- [DESCRIPTION OF THE TASK]: Pictures aside, repeat the listing below exactly.

*** STORED DATA Section Begins ***

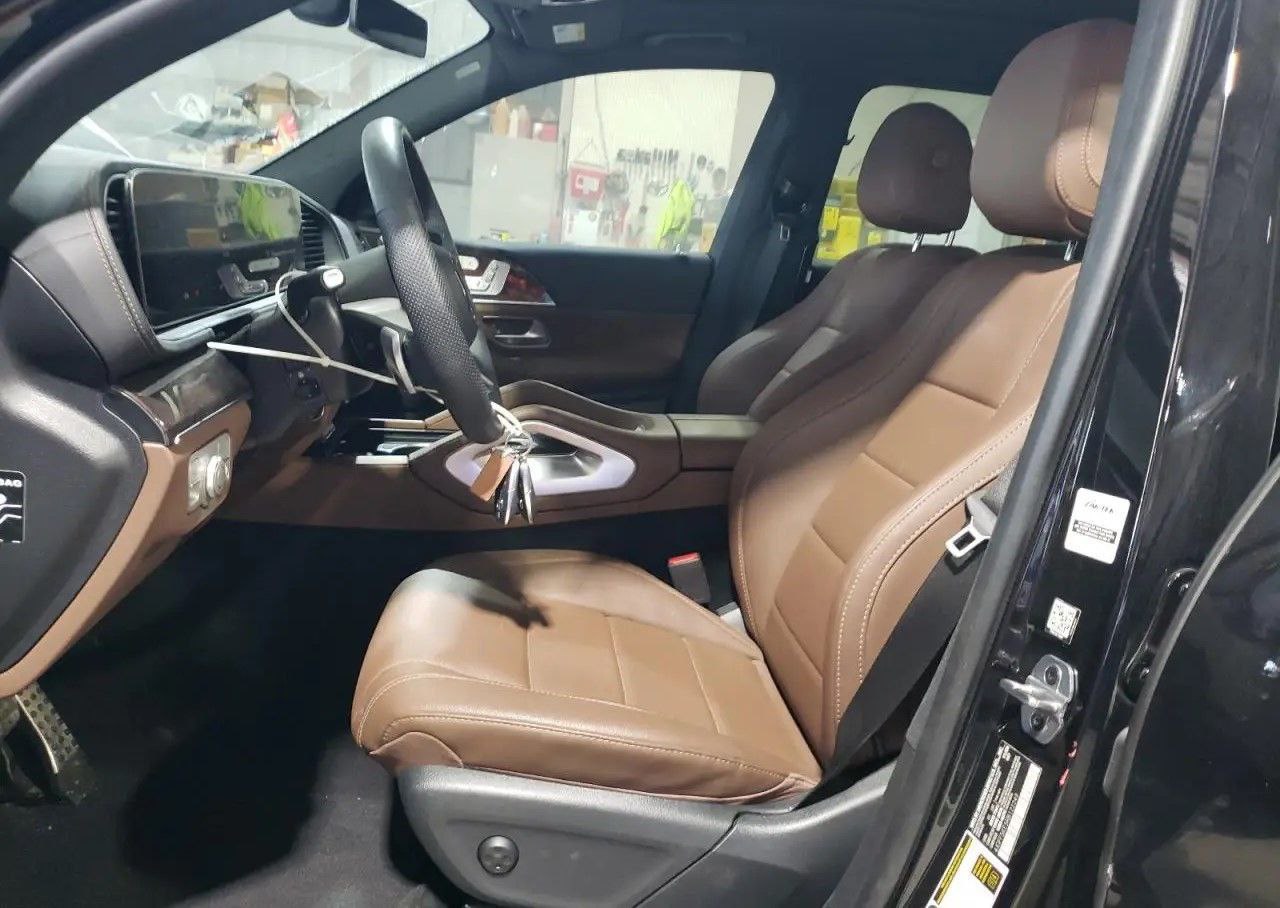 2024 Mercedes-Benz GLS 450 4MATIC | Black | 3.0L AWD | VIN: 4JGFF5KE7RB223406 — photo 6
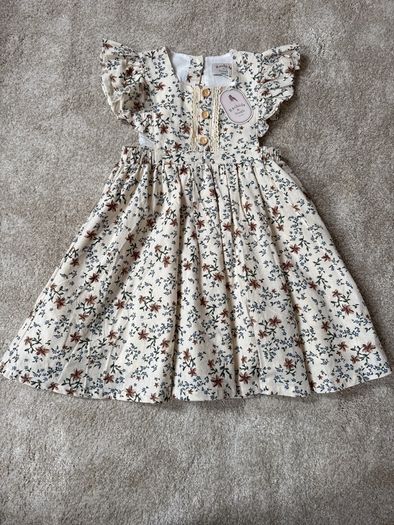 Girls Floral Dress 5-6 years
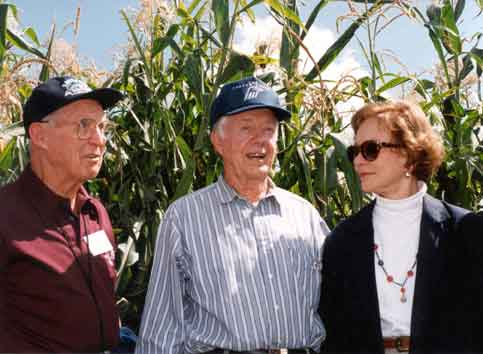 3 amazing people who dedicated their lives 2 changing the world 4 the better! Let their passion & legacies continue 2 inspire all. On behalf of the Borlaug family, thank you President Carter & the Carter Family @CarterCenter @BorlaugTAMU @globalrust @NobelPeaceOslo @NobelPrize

*** STORED DATA Section Ends ***

- [SOLUTION FOR THIS PROBLEM]:
 2024 Mercedes-Benz GLS 450 4MATIC | Black | 3.0L AWD | VIN: 4JGFF5KE7RB223406 — photo 6
 Girls Floral Dress 5-6 years
 3 amazing people who dedicated their lives 2 changing the world 4 the better! Let their passion & legacies continue 2 inspire all. On behalf of the Borlaug family, thank you President Carter & the Carter Family @CarterCenter @BorlaugTAMU @globalrust @NobelPeaceOslo @NobelPrize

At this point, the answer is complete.